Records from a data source
==*==

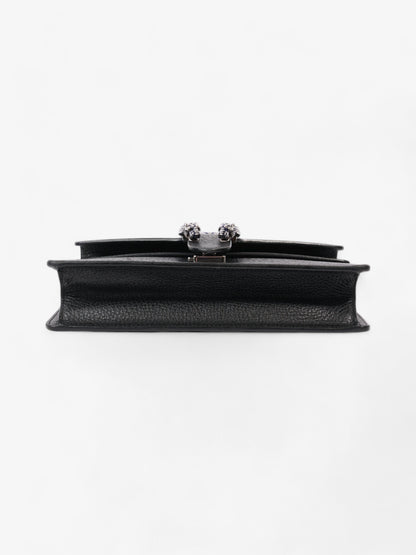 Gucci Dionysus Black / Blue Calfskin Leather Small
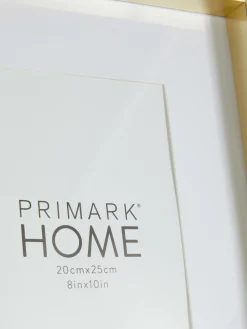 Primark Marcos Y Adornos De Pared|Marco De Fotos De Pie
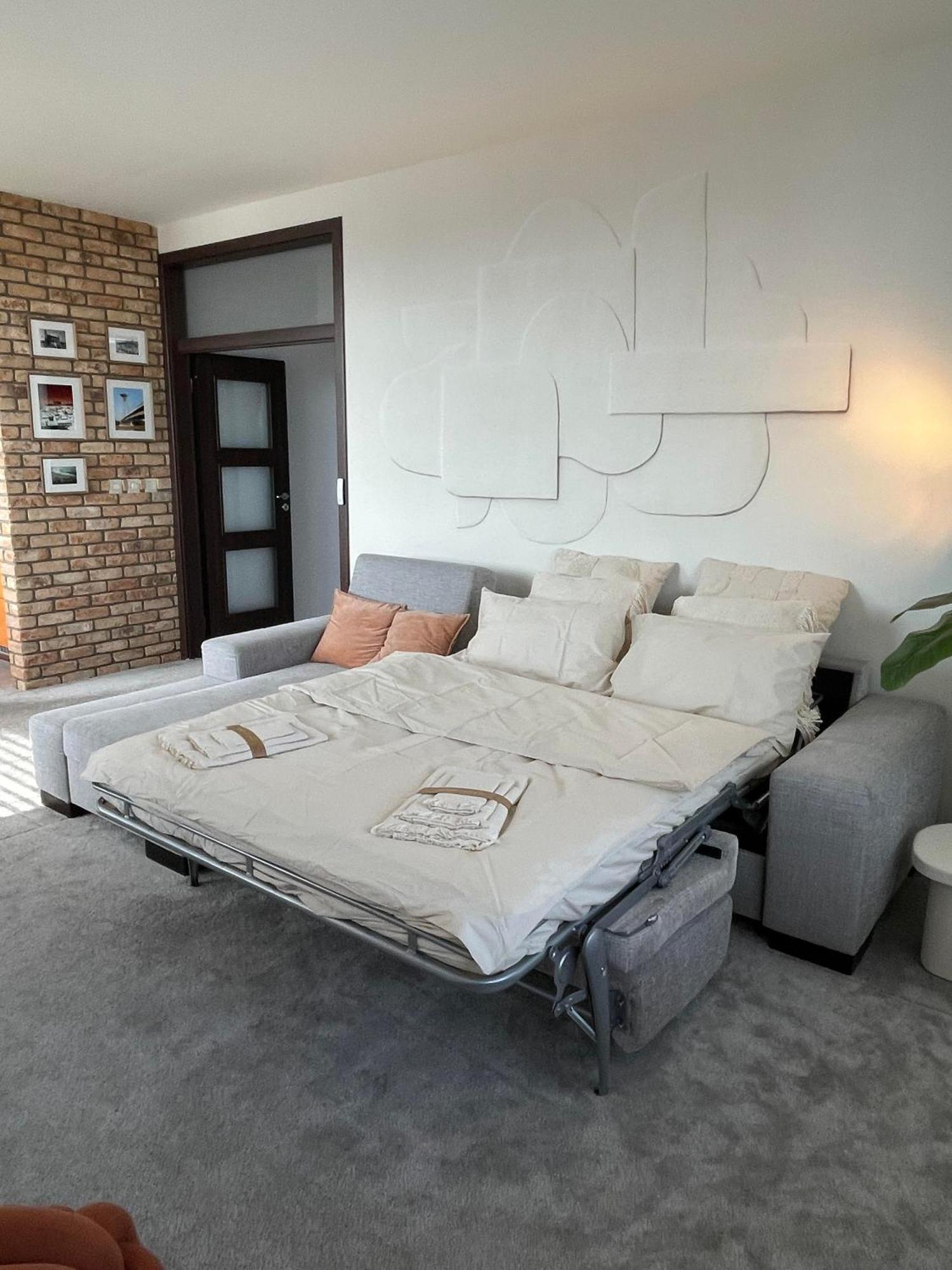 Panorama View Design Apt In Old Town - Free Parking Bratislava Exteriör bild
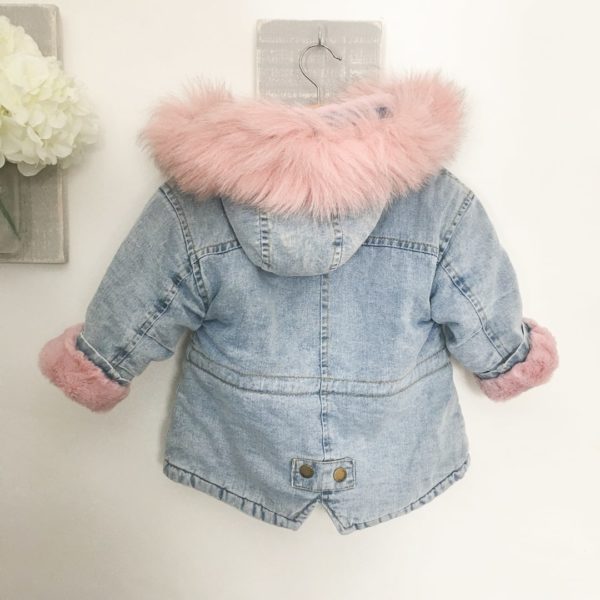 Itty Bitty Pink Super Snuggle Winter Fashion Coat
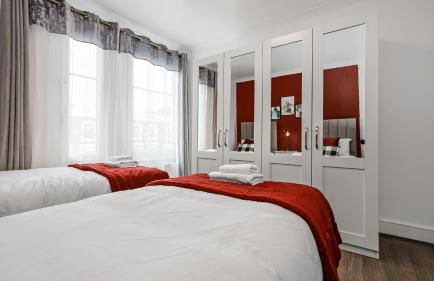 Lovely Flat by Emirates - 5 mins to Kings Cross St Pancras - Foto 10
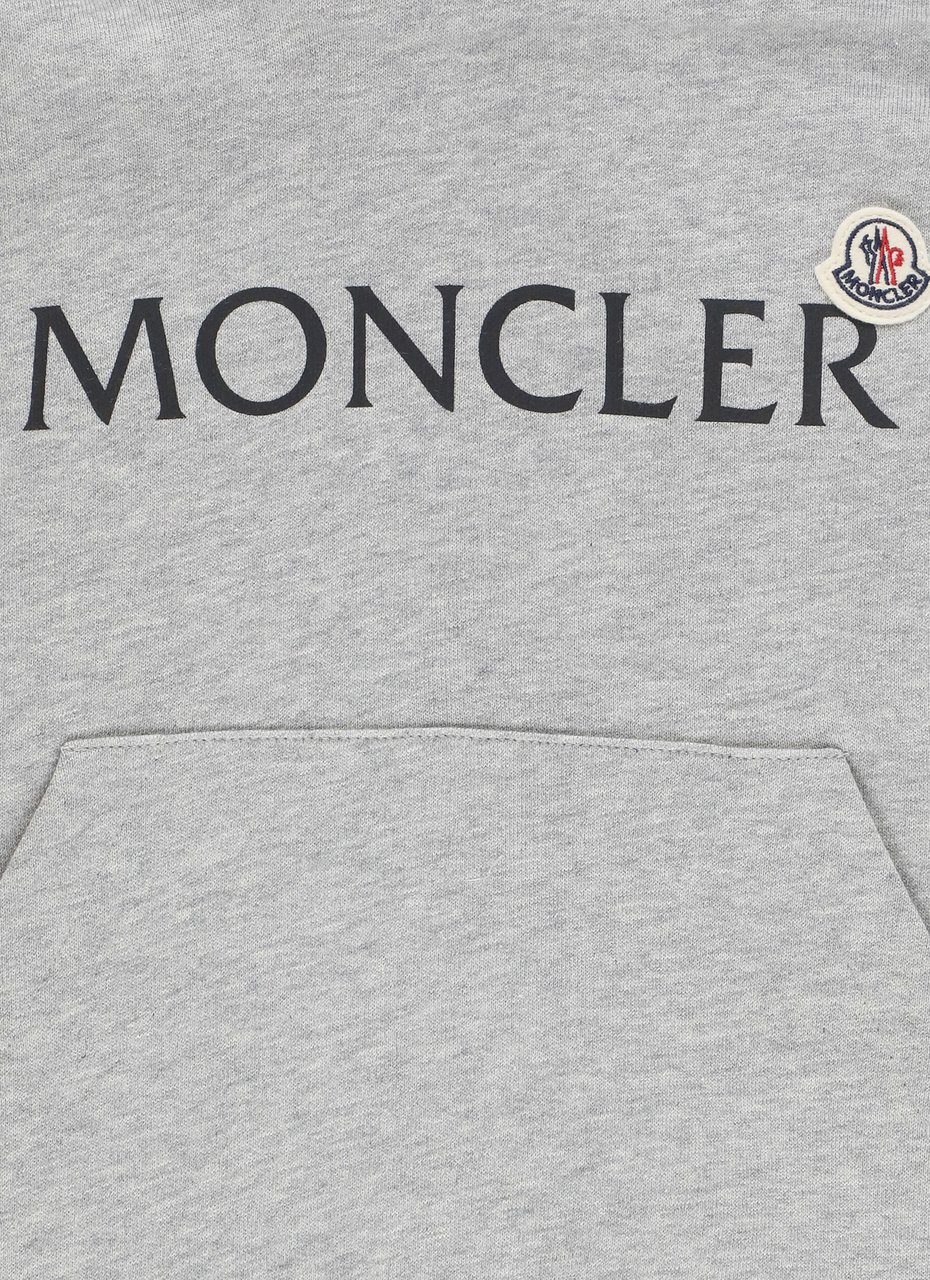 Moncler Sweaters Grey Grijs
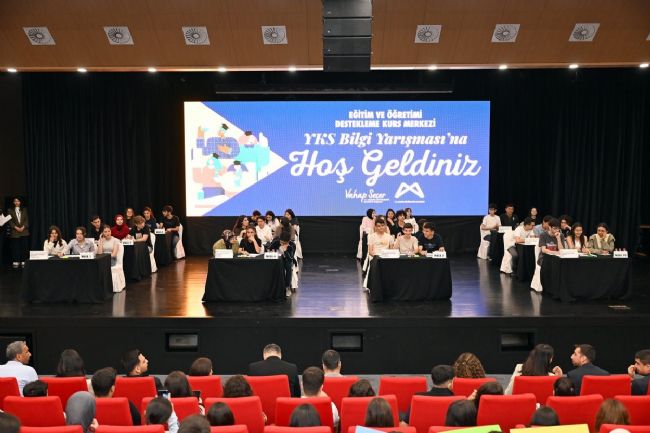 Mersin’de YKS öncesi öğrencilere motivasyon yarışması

==*==

_YOUR ASSIGNMENT_. The required answer is the lines from the one that contains "Primark Marcos Y" through the last line of the records, restated word for word, with every picture dropped.

_TASK ANSWER_.
 Primark Marcos Y Adornos De Pared|Marco De Fotos De Pie
 Panorama View Design Apt In Old Town - Free Parking Bratislava Exteriör bild
 Itty Bitty Pink Super Snuggle Winter Fashion Coat
 Lovely Flat by Emirates - 5 mins to Kings Cross St Pancras - Foto 10
 Moncler Sweaters Grey Grijs
 Mersin’de YKS öncesi öğrencilere motivasyon yarışması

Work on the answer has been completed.